DEAR EDITOR: I read with interest Michael Philips essay (‘Is Skepticism Ridiculous?’–Issue 53), in which he rejects skepticism of the kind that would question ‘core beliefs’–such as belief in the existence of the external world. Philips then characterizes these skeptics’ actions as contradictory to their beliefs, since they live as if their core beliefs were true while at the same time denying them. But Philips doesn’t really present an effective argument against such skepticism. The reason that most, if not all, arguments against philosophical skepticism are unconvincing is because such anti-skeptical arguments just presuppose that which the skeptic is questioning, thereby begging the question.

Consider dream skepticism: if one cannot know that one is not now dreaming, then one cannot have knowledge of the external world as normally perceived. As some have argued, any empirical evidence one might refer to as a refutation of dream skepticism already presupposes that one is not in an elaborate dream.
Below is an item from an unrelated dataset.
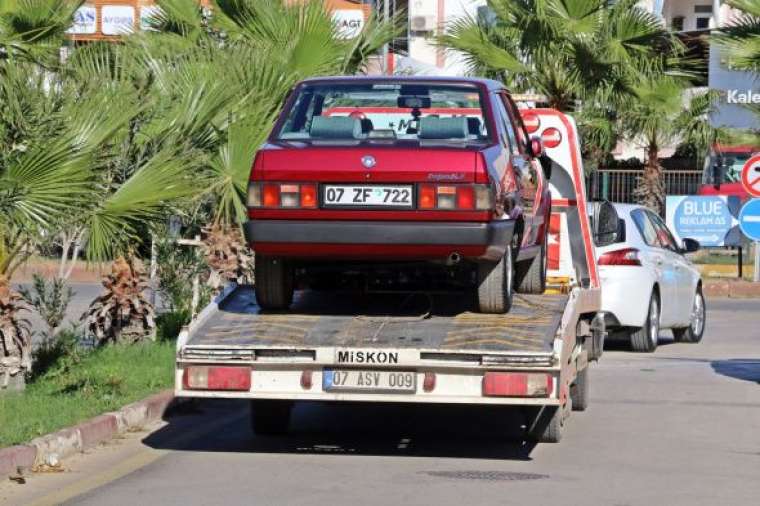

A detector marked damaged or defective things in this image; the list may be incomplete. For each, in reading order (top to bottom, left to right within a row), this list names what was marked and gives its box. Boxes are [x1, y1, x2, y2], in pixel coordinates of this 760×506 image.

rust on truck bed [186, 284, 564, 352]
For such evidence can only be obtained from an external world in which one is awake.

Any recourse to parsimony (Ockham’s razor), or probabilistic arguments to refute dream skepticism (eg, that the dream hypothesis is more improbable than the waking hypothesis), would be equally problematic. As I’m sure some have argued, since our concept of parsimony and our very notions of what is or is not probable are obtained from the external world, then any use of such concepts or methodologies would again already assume that one is not in an elaborate dream. Such concepts or methodologies could just be part of that dream. Even the strong belief that one just ‘knows’ the difference between dreaming and waking could also just be part of that dream.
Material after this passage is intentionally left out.